Rudrabhatla and Chorney receive NSF Training Award

Michael Chorney, professor at Penn State College of Medicine, and Sairam Rudrabhatla, assistant professor at Penn State Harrisburg, recently received a National Science Foundation REU award for a summer training program focused on minority students. Rudrabhatla, an internationally-recognized plant geneticist, and Chorney, a close collaborator with several local Historically Black Institutions, partnered to create a cross-campus initiative designed to alleviate the disparity related to minority representation within the science, technology, engineering and mathematics (STEM) professions.

Although he has been the principal investigator for numerous projects, this is Rudrabhatla's first NSF science training program principal investigatorship. At Penn State Harrisburg, Rudrabhatla’s well-funded research program boasts creation of a new greenhouse and a 3,000-square-foot, state-of-the-art laboratory for his work on transgenic plants with value-added genes (vaccines, freeze tolerance and improved nutrition).
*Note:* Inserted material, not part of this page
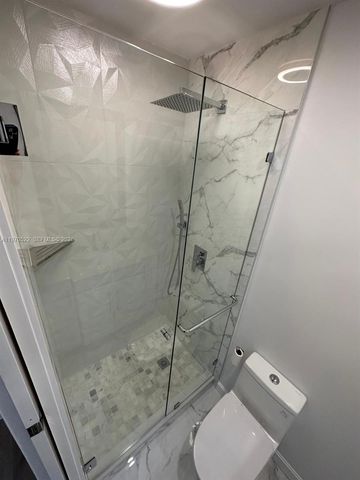 34 SE 3rd Ter 0, Dania Beach, FL 33004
Chorney is principal investigator of an NIH-funded program called INTREPID, which focuses on promoting minority involvement in health careers. Rudrabhatla and Chorney have dovetailed these two programs to create a stronger, more comprehensive initiative that will strive to increase minority enrollment in Penn State Harrisburg science programs.

Omid Ansary, intrim senior associate dean of academic affairs at Harrisburg, has called this collaboration "a large step forward in building a true science pipeline amenable to local students of all backgrounds." Together, Rudrabhatla and Chorney, along with Malcolm Furman, faculty liaison from the Innovation Transfer Network and a collaborator on the NSF grant, are embarking upon a larger NSF application, the Science Talent Expansion Program (STEP) Center Award, that will strive to rapidly increase the strength of science training within the capital area and at Penn State.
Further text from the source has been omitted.